● Aim of the exercise: What is needed is an exact copy of the lines from the one containing "AWZXDE Women's Elegant" through the last line of the entries below, both included.

★ ★ ★ ★ ★ ★ ★

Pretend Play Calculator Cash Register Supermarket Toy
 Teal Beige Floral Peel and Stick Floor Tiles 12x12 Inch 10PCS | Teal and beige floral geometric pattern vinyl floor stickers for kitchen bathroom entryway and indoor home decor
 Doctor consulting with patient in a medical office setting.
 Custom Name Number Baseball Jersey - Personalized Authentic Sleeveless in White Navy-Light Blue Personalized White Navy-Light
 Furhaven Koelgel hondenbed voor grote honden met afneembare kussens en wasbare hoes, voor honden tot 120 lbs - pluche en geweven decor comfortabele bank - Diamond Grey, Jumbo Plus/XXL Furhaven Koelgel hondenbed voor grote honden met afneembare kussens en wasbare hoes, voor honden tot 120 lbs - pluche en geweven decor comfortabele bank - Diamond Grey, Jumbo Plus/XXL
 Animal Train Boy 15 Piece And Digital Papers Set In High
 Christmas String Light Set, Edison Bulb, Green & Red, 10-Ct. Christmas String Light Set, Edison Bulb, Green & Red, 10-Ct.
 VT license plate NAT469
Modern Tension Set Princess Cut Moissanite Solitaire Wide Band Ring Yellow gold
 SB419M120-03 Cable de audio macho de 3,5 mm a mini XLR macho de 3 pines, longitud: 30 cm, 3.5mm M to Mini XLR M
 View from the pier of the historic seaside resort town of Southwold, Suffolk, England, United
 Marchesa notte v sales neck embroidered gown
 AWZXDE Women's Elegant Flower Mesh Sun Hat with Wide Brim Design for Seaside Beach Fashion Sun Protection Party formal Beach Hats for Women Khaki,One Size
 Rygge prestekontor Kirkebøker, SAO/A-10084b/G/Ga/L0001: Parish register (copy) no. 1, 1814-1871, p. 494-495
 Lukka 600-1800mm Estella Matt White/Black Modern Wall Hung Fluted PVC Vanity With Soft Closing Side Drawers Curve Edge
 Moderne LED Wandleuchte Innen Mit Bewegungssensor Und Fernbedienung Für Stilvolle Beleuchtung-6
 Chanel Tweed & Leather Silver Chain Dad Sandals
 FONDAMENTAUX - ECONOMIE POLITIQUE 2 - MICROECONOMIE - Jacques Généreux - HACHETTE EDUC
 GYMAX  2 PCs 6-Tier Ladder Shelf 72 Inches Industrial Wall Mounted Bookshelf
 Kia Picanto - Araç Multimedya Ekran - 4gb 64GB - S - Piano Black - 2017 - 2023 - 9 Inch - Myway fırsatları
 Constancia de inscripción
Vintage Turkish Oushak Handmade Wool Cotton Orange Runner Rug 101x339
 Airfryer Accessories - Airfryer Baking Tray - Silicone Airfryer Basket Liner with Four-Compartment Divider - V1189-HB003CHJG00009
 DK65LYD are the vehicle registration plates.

★ ★ ★ ★ ★ ★ ★

● Answer box:
 AWZXDE Women's Elegant Flower Mesh Sun Hat with Wide Brim Design for Seaside Beach Fashion Sun Protection Party formal Beach Hats for Women Khaki,One Size
 Rygge prestekontor Kirkebøker, SAO/A-10084b/G/Ga/L0001: Parish register (copy) no. 1, 1814-1871, p. 494-495
 Lukka 600-1800mm Estella Matt White/Black Modern Wall Hung Fluted PVC Vanity With Soft Closing Side Drawers Curve Edge
 Moderne LED Wandleuchte Innen Mit Bewegungssensor Und Fernbedienung Für Stilvolle Beleuchtung-6
 Chanel Tweed & Leather Silver Chain Dad Sandals
 FONDAMENTAUX - ECONOMIE POLITIQUE 2 - MICROECONOMIE - Jacques Généreux - HACHETTE EDUC
 GYMAX  2 PCs 6-Tier Ladder Shelf 72 Inches Industrial Wall Mounted Bookshelf
 Kia Picanto - Araç Multimedya Ekran - 4gb 64GB - S - Piano Black - 2017 - 2023 - 9 Inch - Myway fırsatları
 Constancia de inscripción
Vintage Turkish Oushak Handmade Wool Cotton Orange Runner Rug 101x339
 Airfryer Accessories - Airfryer Baking Tray - Silicone Airfryer Basket Liner with Four-Compartment Divider - V1189-HB003CHJG00009
 DK65LYD are the vehicle registration plates.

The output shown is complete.